Halsey, who is biracial, had some words for a Twitter user who wrote in a since-deleted tweet that she “never claims her Black side.”
Halsey has spoken about passing as white before. In a 2017 interview with Playboy, she said,
“I’m white-passing. I’ve accepted that about myself and have never tried to control anything about black culture that’s not mine,” she said, telling the outlet that she still strongly identifies as a black woman.
“I look like a white girl, but I don’t feel like one. I’m a black woman,” the singer explained. “So it’s been weird navigating that. When I was growing up I didn’t know if I was supposed to love TLC or Britney.”
Meanwhile, she’s been posting on social media about the rallies she’s attended, at one of which she was shot at by police with rubber bullets.

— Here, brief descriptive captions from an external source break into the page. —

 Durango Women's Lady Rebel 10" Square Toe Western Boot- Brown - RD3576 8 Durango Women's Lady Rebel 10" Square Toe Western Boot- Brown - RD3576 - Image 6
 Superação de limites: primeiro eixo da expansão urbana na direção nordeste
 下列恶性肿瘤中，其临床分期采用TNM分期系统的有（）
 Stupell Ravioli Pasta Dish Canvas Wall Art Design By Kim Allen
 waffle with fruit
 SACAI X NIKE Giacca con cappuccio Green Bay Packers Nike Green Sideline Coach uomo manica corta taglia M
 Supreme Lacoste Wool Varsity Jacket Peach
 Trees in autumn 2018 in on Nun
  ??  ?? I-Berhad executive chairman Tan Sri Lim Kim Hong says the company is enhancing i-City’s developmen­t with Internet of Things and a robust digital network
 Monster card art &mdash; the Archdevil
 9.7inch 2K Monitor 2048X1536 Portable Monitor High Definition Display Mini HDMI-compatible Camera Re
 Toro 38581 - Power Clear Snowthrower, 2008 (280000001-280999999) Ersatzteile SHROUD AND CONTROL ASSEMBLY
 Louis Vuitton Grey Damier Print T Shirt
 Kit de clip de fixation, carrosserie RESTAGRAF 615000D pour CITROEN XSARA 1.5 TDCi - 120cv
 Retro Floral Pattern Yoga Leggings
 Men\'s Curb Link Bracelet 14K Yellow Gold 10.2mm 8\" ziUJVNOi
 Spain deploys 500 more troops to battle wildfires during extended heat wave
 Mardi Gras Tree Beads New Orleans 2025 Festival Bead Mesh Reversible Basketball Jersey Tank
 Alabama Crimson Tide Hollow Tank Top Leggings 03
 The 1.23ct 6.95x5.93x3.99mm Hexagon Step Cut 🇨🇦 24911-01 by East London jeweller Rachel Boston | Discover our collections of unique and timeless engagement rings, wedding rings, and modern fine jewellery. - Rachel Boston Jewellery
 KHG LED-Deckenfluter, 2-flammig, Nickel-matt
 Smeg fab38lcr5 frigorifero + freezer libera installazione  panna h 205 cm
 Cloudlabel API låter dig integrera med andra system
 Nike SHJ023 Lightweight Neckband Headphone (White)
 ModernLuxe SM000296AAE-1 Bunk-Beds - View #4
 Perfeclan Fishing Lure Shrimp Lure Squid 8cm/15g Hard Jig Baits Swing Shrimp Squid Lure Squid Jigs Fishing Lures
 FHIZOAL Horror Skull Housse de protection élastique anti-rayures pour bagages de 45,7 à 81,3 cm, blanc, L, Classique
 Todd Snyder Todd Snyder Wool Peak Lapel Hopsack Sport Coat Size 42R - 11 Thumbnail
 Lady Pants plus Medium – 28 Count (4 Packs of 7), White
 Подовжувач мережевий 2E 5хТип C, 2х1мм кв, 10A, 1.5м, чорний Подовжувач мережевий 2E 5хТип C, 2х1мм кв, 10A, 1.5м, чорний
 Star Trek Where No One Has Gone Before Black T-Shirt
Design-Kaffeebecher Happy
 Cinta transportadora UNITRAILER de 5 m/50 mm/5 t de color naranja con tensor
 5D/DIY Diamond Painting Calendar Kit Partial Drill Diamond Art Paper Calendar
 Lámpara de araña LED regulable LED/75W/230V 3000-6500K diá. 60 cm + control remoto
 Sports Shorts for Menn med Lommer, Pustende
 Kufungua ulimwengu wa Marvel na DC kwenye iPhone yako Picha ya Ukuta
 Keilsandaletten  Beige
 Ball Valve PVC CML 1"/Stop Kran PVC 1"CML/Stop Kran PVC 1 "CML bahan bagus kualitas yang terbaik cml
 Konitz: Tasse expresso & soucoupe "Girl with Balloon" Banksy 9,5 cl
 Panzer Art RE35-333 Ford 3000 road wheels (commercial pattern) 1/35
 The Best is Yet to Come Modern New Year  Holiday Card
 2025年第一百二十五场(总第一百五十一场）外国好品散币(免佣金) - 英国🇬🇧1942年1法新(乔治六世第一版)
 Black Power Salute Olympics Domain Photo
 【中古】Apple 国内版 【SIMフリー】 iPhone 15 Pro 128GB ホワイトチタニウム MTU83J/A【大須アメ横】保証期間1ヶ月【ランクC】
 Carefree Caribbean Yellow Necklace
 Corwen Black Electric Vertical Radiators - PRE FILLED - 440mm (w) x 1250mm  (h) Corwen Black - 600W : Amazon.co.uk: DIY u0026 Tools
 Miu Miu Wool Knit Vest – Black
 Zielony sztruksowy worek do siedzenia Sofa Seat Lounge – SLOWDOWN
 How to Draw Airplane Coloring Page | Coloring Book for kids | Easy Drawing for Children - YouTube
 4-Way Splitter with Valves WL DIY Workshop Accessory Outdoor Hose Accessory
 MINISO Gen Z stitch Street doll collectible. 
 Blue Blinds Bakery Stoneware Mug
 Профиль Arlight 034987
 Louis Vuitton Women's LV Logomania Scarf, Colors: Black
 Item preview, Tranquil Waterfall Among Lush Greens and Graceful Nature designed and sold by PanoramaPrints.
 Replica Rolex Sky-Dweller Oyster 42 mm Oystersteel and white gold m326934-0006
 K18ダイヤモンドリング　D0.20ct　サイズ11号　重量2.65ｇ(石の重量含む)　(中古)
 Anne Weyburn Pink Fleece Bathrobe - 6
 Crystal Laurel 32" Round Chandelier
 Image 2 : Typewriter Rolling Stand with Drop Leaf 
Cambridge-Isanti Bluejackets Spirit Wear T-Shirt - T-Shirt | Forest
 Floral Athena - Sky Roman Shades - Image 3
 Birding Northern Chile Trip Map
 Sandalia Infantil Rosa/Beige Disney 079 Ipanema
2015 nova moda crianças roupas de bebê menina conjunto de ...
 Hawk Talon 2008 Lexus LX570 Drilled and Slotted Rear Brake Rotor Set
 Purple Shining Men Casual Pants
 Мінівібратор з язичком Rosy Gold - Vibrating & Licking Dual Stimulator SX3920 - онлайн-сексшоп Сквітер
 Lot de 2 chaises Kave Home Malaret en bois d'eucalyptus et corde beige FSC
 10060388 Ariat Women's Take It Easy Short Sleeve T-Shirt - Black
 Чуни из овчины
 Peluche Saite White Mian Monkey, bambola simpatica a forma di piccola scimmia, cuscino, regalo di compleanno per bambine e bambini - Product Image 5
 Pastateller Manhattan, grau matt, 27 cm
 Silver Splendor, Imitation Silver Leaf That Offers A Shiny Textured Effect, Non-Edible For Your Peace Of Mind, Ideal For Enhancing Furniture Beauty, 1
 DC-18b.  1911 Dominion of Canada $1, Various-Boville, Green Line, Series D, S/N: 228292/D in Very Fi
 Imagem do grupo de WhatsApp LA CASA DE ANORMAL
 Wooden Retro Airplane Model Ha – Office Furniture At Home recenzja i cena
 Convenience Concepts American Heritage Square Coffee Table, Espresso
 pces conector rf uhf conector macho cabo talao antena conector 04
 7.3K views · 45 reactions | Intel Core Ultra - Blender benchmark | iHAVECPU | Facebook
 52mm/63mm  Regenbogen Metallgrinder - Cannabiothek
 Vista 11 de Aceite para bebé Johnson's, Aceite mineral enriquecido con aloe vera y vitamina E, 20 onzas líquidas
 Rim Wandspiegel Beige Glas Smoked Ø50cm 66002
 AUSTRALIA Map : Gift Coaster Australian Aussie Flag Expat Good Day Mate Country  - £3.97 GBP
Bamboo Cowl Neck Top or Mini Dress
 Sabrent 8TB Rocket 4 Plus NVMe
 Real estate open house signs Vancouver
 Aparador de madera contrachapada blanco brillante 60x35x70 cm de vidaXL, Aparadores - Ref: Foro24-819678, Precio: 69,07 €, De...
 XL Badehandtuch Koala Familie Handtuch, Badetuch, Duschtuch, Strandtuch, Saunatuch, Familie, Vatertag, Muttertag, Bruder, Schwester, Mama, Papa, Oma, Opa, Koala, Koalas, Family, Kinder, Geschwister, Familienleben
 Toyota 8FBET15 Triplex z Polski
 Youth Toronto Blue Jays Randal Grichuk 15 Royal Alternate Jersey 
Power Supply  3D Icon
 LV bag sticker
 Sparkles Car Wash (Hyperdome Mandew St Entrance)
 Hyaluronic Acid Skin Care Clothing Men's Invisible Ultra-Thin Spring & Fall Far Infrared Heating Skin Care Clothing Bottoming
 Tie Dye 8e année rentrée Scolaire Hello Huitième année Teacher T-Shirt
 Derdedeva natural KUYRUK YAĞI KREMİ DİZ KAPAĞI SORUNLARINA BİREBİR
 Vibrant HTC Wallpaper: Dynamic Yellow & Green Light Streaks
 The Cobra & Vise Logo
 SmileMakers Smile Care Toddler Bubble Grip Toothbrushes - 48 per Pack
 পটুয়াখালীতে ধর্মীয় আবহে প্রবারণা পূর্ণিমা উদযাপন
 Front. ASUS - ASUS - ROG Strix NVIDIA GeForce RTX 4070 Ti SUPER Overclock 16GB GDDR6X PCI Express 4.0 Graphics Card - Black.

“It’s easy from the comfort of your home to watch looting and rioting on television and condone the violent measures being taken by forces,” she wrote. “But what you don’t see is innocent peaceful protestors being shot at and tear gassed and physically assaulted relentlessly.”
[People]
Eve called the discussions she’s been having of late with her white husband, Maximillion Cooper “some of the most difficult and uncomfortable conversations” they’ve ever had. As she said on Tuesday’s episode of The Talk,
“But, at the same time, it’s a beautiful thing, because … I don’t know his life through his eyes. He doesn’t know my life through my eyes,” she shared. “All he can do is try to understand and try to ask the questions, and he wants to understand, and that’s what the nation—that’s what the world—has to do.”“It’s gonna be uncomfortable. Yeah, it’s going to be uncomfortable! But we have to be okay with being uncomfortable so that we can get to a solution,” she said.
Besides his actual presence at Tuesday’s protest in Los Angeles, the best thing about this is how easily identifiable Harry Styles is even with his face covered. Who else’s hair could that possibly be?